= Ellen Ivers-Tiffée =

German materials scientist

Ellen Ivers-Tiffée (born 1951) is a German materials scientist specializing in functional ceramics, especially focusing on energy storage and energy conversion. She is a KIT Distinguished Senior Fellow and former head of the Institute for Applied Materials – Materials for Electrical and Electronic Engineering (IAM-WET) of the Karlsruhe Institute of Technology.

==Education and career==
Ivers-Tiffée was born in 1951 in Frankfurt. She received a diploma in 1975 in mineralogy and crystallography at Marburg University, and completed her Ph.D. in 1980 at the University of Erlangen–Nuremberg.

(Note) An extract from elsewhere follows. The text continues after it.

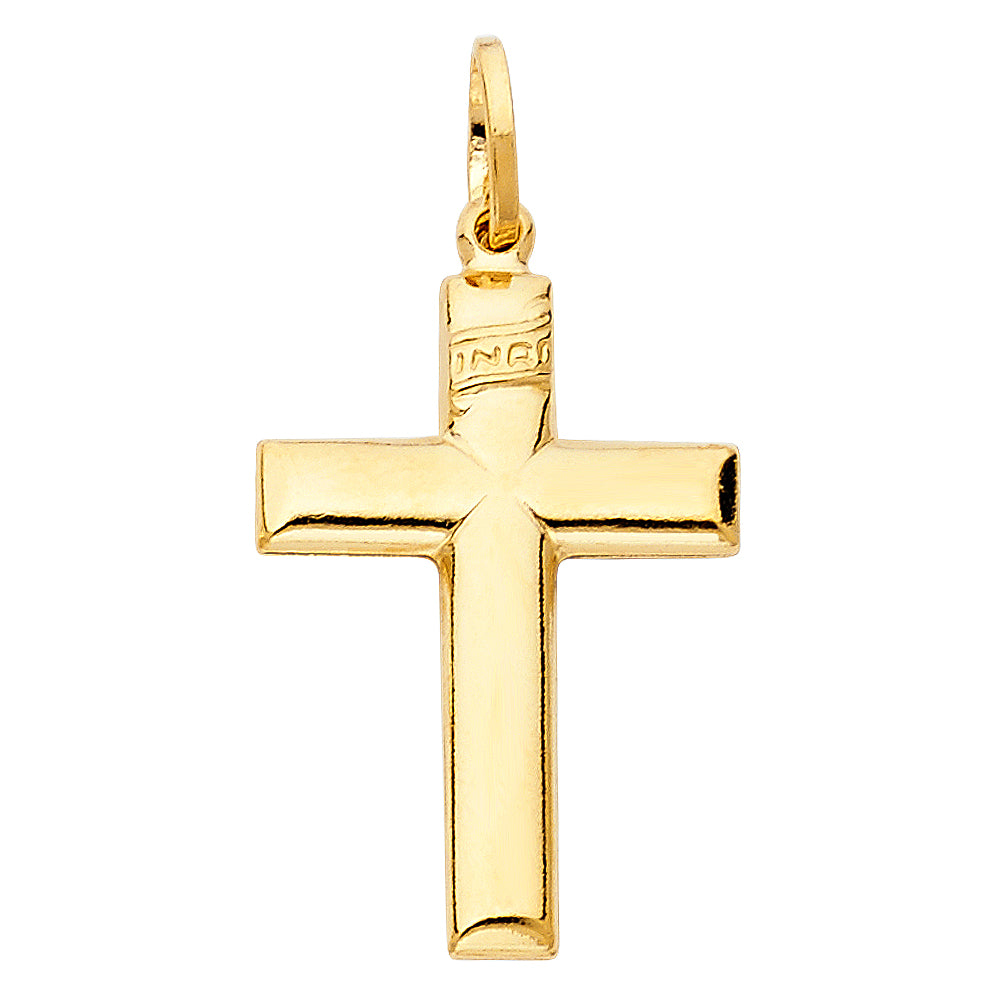14K Yellow Gold Hollow Latin Cross (20X30 mm)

From 1980 until 1996 she worked in industry at the Siemens Corporate Research and Technology Center of Applied Materials Research. In 1996 she became a professor at the Karlsruhe Institute of Technology, where she held the Chair for Electrical Engineering and Information Technology and headed the Institute for Applied Materials – Materials for Electrical and Electronic Engineering
(IAM-WET). Since 2019 she has been a KIT Distinguished Senior Fellow.

==Recognition==
Ivers-Tiffée was elected to the German National Academy of Sciences Leopoldina in 2005, and to acatech, the German Academy of Science and Engineering, in 2007. She became a Fellow of the Electrochemical Society in 2015.